- Chris ORourke
IDGTF: The Elephant Girls
***
'Orrible ‘Istories
“Peaky Blinders” meets “The Gangs of New York,” or London to be more precise, in Margo McDonald's award winning “The Elephant Girls,” produced by Canadian outfit Parry Riposte Productions. A tale of a gang of female thieves who terrorised London during the years surrounding World War I, “The Elephant Girls” is part revisionist history, part lesbian lust and love story. A fascinating and extraordinary tale that reopens a forgotten feminist chapter written out of history, “The Elephant Girls” is a story well worth the telling, but a story somewhat undermined by its telling.
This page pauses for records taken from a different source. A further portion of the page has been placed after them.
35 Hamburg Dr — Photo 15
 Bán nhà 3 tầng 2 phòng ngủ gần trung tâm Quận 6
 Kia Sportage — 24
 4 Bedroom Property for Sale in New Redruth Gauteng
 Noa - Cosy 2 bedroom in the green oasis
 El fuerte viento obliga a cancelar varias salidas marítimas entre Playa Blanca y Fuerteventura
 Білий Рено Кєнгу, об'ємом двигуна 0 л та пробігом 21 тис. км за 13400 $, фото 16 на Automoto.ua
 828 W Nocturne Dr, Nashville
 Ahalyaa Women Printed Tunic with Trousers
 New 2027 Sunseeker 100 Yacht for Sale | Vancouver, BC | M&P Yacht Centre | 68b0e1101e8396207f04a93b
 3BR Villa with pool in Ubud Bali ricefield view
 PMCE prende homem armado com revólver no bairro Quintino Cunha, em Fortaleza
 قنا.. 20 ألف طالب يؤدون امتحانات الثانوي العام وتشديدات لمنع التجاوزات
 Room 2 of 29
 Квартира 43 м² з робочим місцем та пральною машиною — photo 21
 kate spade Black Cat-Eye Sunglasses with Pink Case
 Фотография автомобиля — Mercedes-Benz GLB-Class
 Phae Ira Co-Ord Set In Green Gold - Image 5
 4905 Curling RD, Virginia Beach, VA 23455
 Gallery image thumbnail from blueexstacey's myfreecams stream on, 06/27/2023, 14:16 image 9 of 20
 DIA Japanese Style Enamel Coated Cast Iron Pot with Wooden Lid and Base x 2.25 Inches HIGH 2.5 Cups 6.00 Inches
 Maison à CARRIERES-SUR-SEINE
In what appears to be an East End pub in 1937, former gang member and enforcer, Maggie Hale, recounts for the price of a pint or three, the how’s and the what’s of The Forty Elephants, a ‘roguish’ gang of so called reprobate women capable of making five grand shoplifting in fifteen minutes. Their queen, Alice Diamond, is a diamond in the rough of things, but her tough iron fist in its velvet glove takes good care of her and her girls, saving them from a life of poverty, whoring, slaving in a factory, or even worse, marriage. They may revolve in and out of prison, but always they live on their own terms. But when love comes calling, it may signal the end of everything for girls dressed as boys, and it all may end with a whimper rather than a bang.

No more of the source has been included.